IEEE J Biomed Health Inform. 2021 May;25(5):1832-1838. doi: 10.1109/JBHI.2020.3022806. Epub 2021 May 11.
Protein is an essential macro-nutrient for perceiving a wide range of biochemical activities and biological regulations in living cells. In this work, we have presented a novel multi-modal approach, named MultiPredGO, for predicting protein functions by utilizing two different kinds of information, namely protein sequence and the protein secondary structure. Here, our contributions are threefold; firstly, along with the protein sequence, we learn the feature representation from the protein structure. Secondly, we develop two different deep learning models after considering the characteristics of the underlying data patterns of the protein sequence and protein 3D structures. Finally, along with these two modalities, we have also utilized protein interaction information for expediting the efficiency of the proposed model in predicting the protein functions. For extracting features from different modalities, we have utilized various variations of the convolutional neural network.
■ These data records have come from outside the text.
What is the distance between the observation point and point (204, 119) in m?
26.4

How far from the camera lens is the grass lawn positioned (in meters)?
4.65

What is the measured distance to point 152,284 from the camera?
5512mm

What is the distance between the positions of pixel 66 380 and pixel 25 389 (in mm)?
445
As the protein function classes are dependent on each other, we have used a neuro-symbolic hierarchical classification model, which resembles the structure of Gene Ontology (GO), for effectively predicting the dependent protein functions. Finally, to validate the goodness of our proposed method (MultiPredGO), we have compared our results with various uni-modal along with two well-known multi-modal protein function prediction approaches, namely, INGA and DeepGO. Results show that the overall performance of the proposed approach in terms of accuracy, F-measure, precision, and recall metrics are better than those by the state-of-the-art methods. MultiPredGO attains an average 13.05% and 30.87% improvements over the best existing comparing approach (DeepGO) for cellular component and molecular functions, respectively.
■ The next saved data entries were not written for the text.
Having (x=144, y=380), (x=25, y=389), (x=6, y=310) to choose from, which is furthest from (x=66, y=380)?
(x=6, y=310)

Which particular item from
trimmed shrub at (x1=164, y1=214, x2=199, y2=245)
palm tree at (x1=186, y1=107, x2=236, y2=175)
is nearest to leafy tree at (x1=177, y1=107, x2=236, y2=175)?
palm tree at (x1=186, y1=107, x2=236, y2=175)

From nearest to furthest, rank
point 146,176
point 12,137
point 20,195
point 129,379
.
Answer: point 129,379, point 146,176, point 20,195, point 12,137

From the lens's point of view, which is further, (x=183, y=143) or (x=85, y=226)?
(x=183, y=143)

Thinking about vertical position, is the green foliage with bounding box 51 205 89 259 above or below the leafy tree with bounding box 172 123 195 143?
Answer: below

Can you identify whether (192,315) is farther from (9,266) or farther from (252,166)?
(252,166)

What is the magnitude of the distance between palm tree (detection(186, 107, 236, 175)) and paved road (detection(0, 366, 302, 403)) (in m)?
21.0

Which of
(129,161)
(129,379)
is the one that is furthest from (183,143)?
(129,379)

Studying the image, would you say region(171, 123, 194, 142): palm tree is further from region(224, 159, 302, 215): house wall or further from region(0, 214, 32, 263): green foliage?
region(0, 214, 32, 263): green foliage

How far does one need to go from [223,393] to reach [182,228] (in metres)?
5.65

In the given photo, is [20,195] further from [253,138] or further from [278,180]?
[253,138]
蛋白质是感知活细胞中广泛生化活动和生物调控的必需宏量营养素。在这项工作中,我们提出了一种新的多模态方法 MultiPredGO,通过利用两种不同的信息,即蛋白质序列和蛋白质二级结构,来预测蛋白质功能。我们的贡献有三点:首先,除了蛋白质序列外,我们还从蛋白质结构中学习特征表示。其次,考虑到蛋白质序列和蛋白质 3D 结构的底层数据模式的特点,我们开发了两种不同的深度学习模型。最后,除了这两种模态之外,我们还利用蛋白质相互作用信息来提高所提出模型预测蛋白质功能的效率。为了从不同模态中提取特征,我们利用了卷积神经网络的各种变体。由于蛋白质功能类别相互依赖,我们使用了类似于基因本体论(GO)结构的神经符号层次分类模型,有效地预测了依赖的蛋白质功能。最后,为了验证我们提出的方法(MultiPredGO)的有效性,我们将结果与各种单模态以及两种著名的多模态蛋白质功能预测方法 INGA 和 DeepGO 进行了比较。结果表明,与最先进的方法相比,该方法在准确性、F 度量、精度和召回率方面的整体性能更好。MultiPredGO 在细胞成分和分子功能方面分别比最佳现有比较方法(DeepGO)平均提高了 13.05%和 30.87%。